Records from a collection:

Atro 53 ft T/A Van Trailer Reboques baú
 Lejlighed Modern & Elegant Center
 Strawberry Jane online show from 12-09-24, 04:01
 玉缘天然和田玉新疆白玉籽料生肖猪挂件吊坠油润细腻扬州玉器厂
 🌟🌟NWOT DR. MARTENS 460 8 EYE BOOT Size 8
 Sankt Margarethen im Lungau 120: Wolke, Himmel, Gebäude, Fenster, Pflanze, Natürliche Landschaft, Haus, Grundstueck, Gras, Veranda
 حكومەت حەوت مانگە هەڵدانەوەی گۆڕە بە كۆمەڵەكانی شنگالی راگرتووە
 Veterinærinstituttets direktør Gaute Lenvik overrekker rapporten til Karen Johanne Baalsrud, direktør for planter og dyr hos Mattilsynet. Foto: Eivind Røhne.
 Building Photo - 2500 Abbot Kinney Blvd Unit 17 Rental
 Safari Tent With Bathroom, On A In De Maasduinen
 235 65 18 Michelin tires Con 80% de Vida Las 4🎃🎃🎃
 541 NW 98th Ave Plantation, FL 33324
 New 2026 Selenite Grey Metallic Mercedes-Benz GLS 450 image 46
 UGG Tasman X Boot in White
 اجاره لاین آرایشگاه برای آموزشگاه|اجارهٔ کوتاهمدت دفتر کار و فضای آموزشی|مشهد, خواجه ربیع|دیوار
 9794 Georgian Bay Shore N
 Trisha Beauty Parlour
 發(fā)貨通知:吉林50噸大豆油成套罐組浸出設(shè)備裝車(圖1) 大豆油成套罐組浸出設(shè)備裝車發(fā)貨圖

▶ _THE PROBLEM_:
Exactly the lines from the one containing "9794 Georgian Bay Shore N" through the final line above, and only those, should be given again.

▶ _OUTPUT OF THE EXERCISE_:
 9794 Georgian Bay Shore N
 Trisha Beauty Parlour
 發(fā)貨通知:吉林50噸大豆油成套罐組浸出設(shè)備裝車(圖1) 大豆油成套罐組浸出設(shè)備裝車發(fā)貨圖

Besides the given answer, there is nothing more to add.